I have 7 breeding age roosters living together. The trick is to have enough hens to go round and cull ones that refuse to share their space.


----------



## powderhogg01 (Jun 4, 2013)

currently i have 2 roos becoming "men" and one real young roo. the young one gets pretty worked if i dont isolate him... the other two get along. one is an EE the other an orpington. the orpingtons name is the duke of errl, and he already runs the roost and yard. 
he reminds me of a wild turkey how he strums his wings and struts around.


----------



## nj2wv (Aug 27, 2013)

I have six and three of those were given to me. They get along fine as long as everyone keeps their place.


----------



## Farm_mom (May 22, 2014)

Thanks for sharing your experiences with roosters. It's very helpful to hear about how's it's worked out for others.


----------



## robin416 (Sep 8, 2013)

We're not saying its always possible but it is more often than you would think.


----------



## Farm_mom (May 22, 2014)

Yes, I realize that. It will depend on the birds personalities and behaviour. So far none have been particularly aggressive, but they are still young, I will see how it goes as the mature.


----------



## piglett (Jun 21, 2012)

if 2 cockerels grow up together it can work out fine

i had a problem only after i took one of my buff orpington roosters to class for a project i had (the rooster got loose in the classroom) 

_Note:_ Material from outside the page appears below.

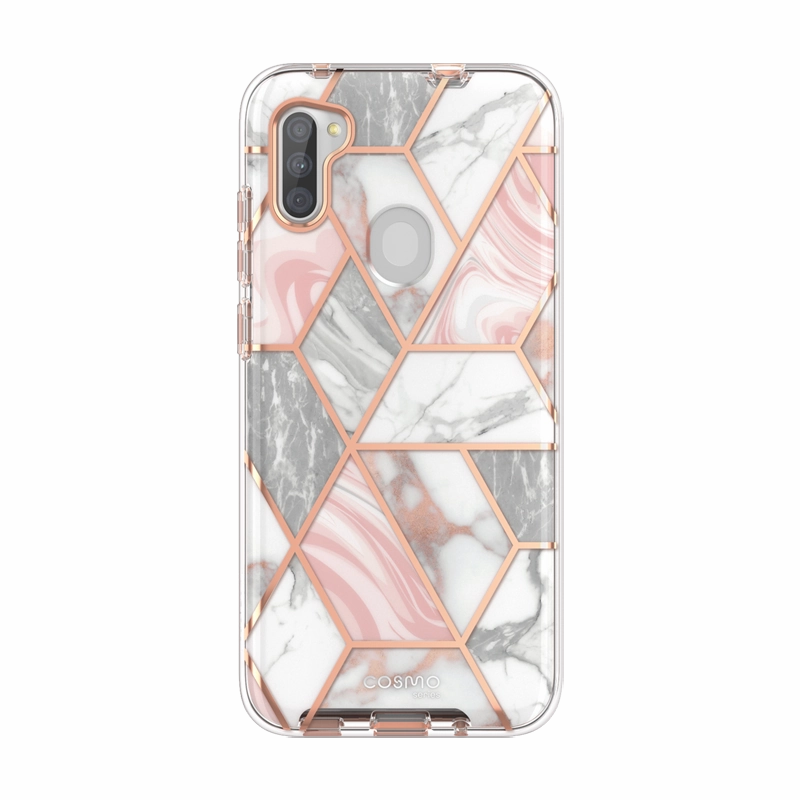 Scratch Resistant Coating Scratch Proof Glass Galaxy A11 Cosmo Case - Marble Pink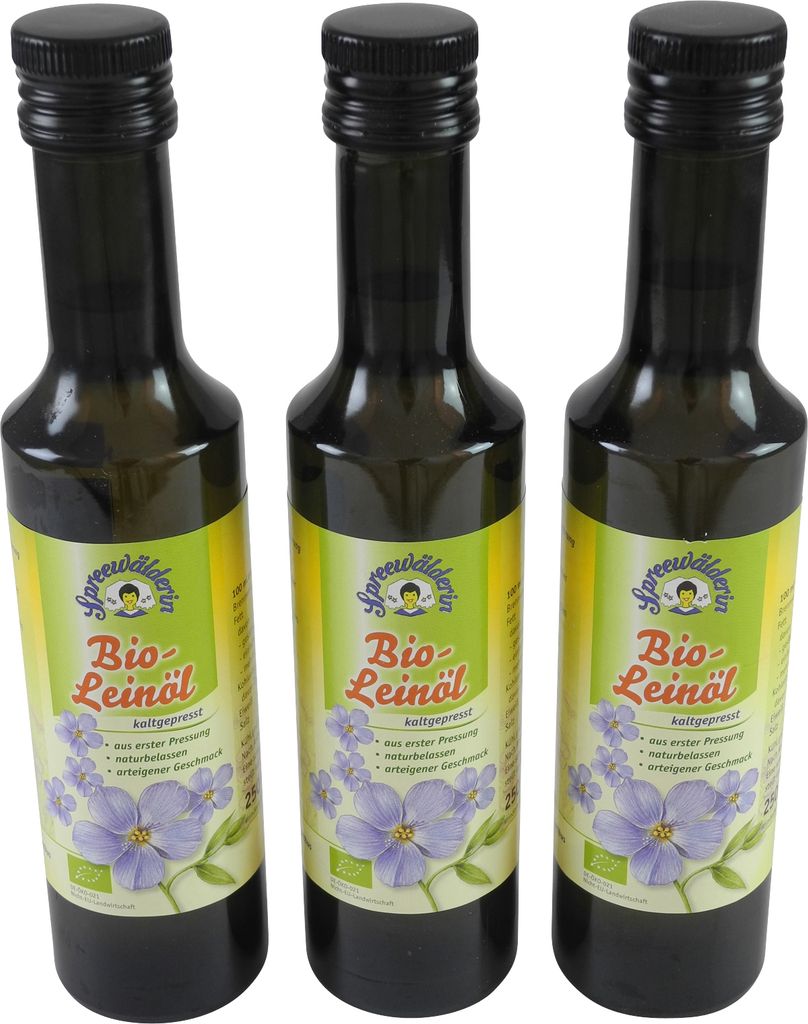 Cold-pressed linseed oil "Spreewälderin" 3-pack (3 bottles of 250 ml each)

when i returned with the "school rooster" the 2 got into it BAD

one lost the fight & his comb was all torn up & bloody

my wife applied lots of bluekote but we could never keep the 2 roosters together 

after that. so we ate the looser a few weeks later


----------



## Farm_mom (May 22, 2014)

Thanks for sharing your experience piglett!


----------



## piglett (Jun 21, 2012)

Farm_mom said:


> Thanks for sharing your experience piglett!


can we get a picture of the cockerels?


----------



## morgan320i (Jun 28, 2014)

I have two that never fight well that I have seen, but also raised together, one is more dominant but it's never more then a single peck,


----------



## Farm_mom (May 22, 2014)

piglett said:


> can we get a picture of the cockerels?


I will try to post some soon! I will be culling some of the roosters as I currently have too many from the straight run chicks. I will indicate who I am thinking about keeping.


----------



## Farm_mom (May 22, 2014)

morgan320i said:


> I have two that never fight well that I have seen, but also raised together, one is more dominant but it's never more then a single peck,


Thanks! I have one that seems to be dominant, he crows all day


----------



## piglett (Jun 21, 2012)

Farm_mom said:


> Thanks! I have one that seems to be dominant, he crows all day


i like to process the ones that crow too much


----------



## Farm_mom (May 22, 2014)

piglett said:


> i like to process the ones that crow too much


Haha! I don't mind the crowing but that guy is scheduled to be dinner, he has yellow legs which are unacceptable on an ameraucana! Oh and I got the roo pictures posted, I created a new thread.


----------